Personally, baiting coyotes to shoot is just to much hassle and work for this guy. You'll cover more ground and likely kill more coyotes just calling.


----------



## blhunter3 (May 5, 2007)

I baited them and it wasn't a ton of work, but I knew where they hung out so I just brought them into the open.


----------



## critter slayer (Jan 13, 2010)

well the hole idea of baiting coyotes for me is to bring them in to a little chunk of land that i am able to hunt, so ya its worth the hassel for myself, but thanks for your consideration


----------



## blhunter3 (May 5, 2007)

All you need to do is find someone with alot of hay burners and offer $10 for one and all you have to do is shoot it and you will have plenty of bait.


----------



## xdeano (Jan 14, 2005)

The only reason why i use bait stations is to kill coyotes, I hang snares, I don't hover over them like a fat man on a cheese burger. I'm like BBJ covering ground is a better route.
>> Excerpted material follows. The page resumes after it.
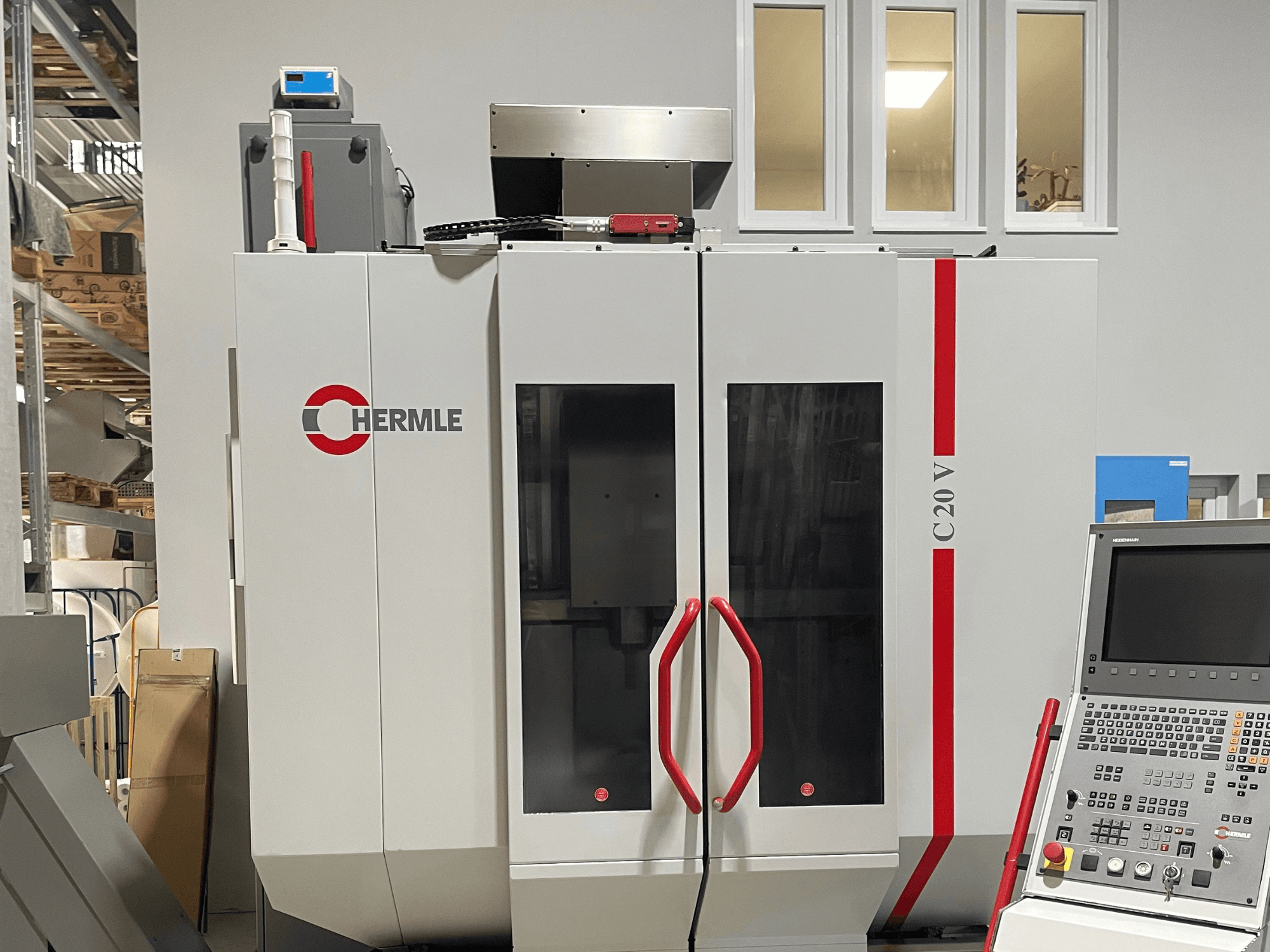 Stroj Chermle C20 V CNC, pohled zepředu, s ovládacím panelem a červenými madly; průmyslový design s velkými prosklenými dveřmi.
A bait station will bring coyotes to the area, but it won't keep them there, they'll still move in and out of an area just like they normally would, but they'll freqent the area more.

xdeano


----------



## saskcoyote (Dec 30, 2006)

Sitting over a bait pile ain't my style. I don't have the patience to park that long. I don't place baits but if a farmer tells me about a dead cow, I'll slip in and if there's a dog there, :sniper: If not, I'll call but if nothing shows within 15-20 minutes I'm gone.


----------